Malachi 3:6 ““For I am the Lord, I do not change; Therefore you are not consumed, O sons of Jacob.”
1 John 1:5 “This is the message which we have heard from Him and declare to you, that God is light and in Him is no darkness at all.”
Hebrews 13:8 “Jesus Christ is the same yesterday, today, and forever.”
Closing Statements:
Polycarp was a personal disciple of the Apostle John. As an old man, he was the bishop of the Church at Smyrna in Asia Minor (present-day Turkey). Persecution against the Christians broke out there and believers were being fed to the wild beasts in the arena. The crowd began to call for the Christians' leader Polycarp. So the authorities sent out a search party to bring him in. They tortured two slave boys to reveal where Polycarp was being hidden.

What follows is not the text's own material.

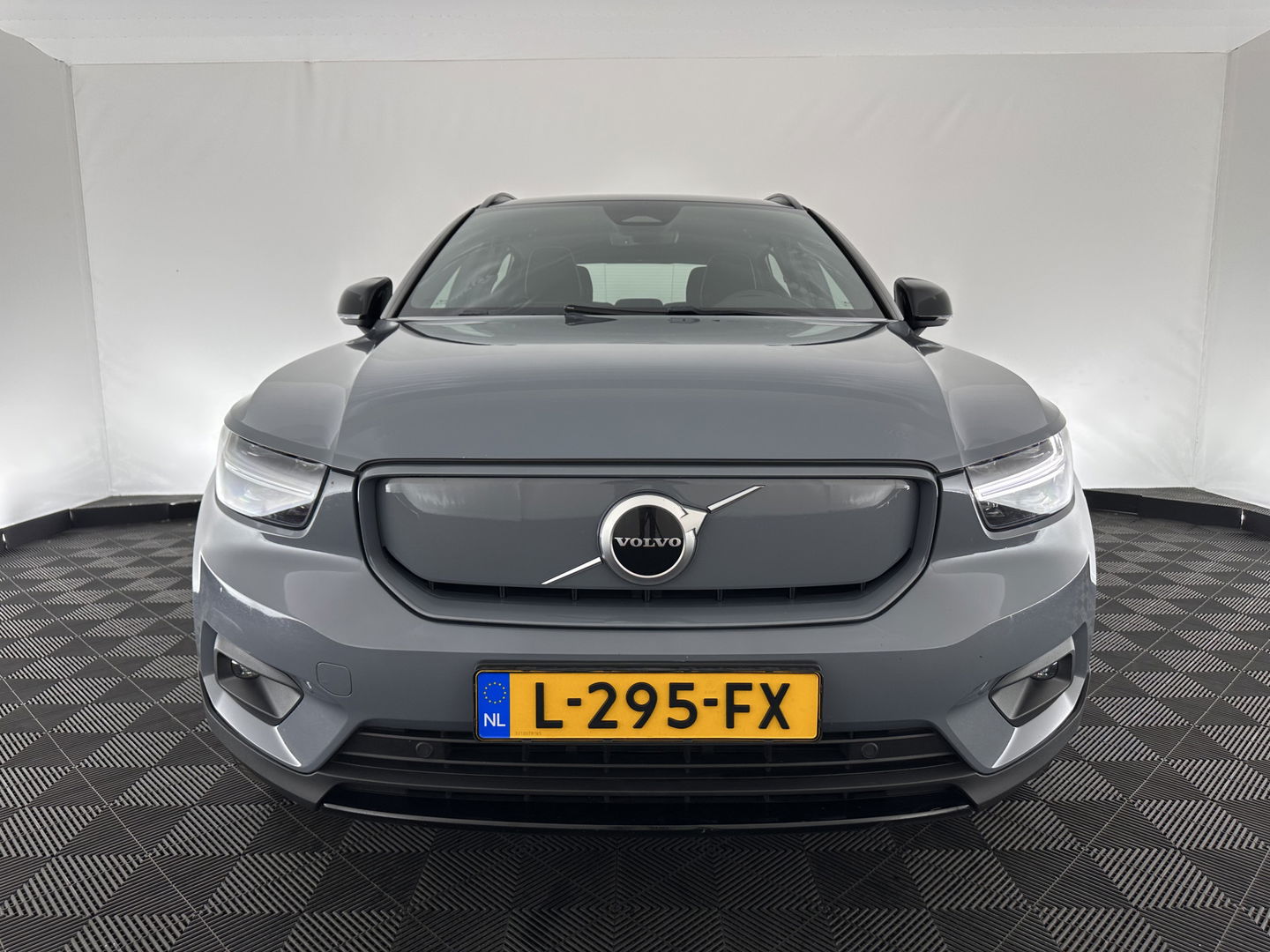 Volvo XC40 Recharge P8 AWD R-Design [ 3-Fase ] (INCL-BTW) *LEATHER-ALCANTARA | DIGI-COCKPIT | FULL-LED | PREMIUM-AUDIO | TOP-VIEW | CARPLAY | NAVI-FULLMAP | ECC | PDC | KEYLESS | HEATED-SPORTSEATS | BLIS | PRIVACY-GLASS | TOWBAR | 19''ALU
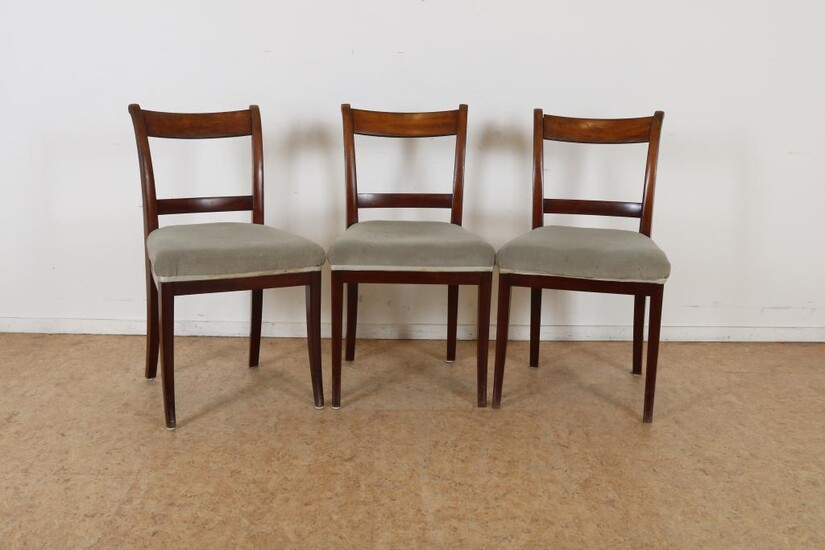 Serie van 3 mahonie Biedermeier stoelen, 19e eeuw.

It was a Friday afternoon. Polycarp was resting upstairs in a country home. They came in like a posse, fully armed as if they were arresting a dangerous criminal. Polycarp's friends wanted to sneak him out, but he refused, saying, "God's will be done." (The Christians there taught that a believer was not to make oneself available for martyrdom and should not seek it out, but neither should he/she avoid it when there was no choice.)
In one of the most touching instances of Christian grace imaginable, Polycarp welcomed his captors as if they were friends, talked with them and ordered that food and drink be served to them. Then Polycarp made one request: one hour to pray before they took him away. The officers overhearing his prayers (that went on for two hours) began to have second thoughts. What were they doing arresting an old man like this?
Martyrdom of Polycarp
Martyrdom of Polycarp
Despite the cries of the crowd, the Roman authorities saw the senselessness of making this aged man a martyr. So when Polycarp was brought into the arena, the proconsul pled with him: "Curse Christ and I will release you."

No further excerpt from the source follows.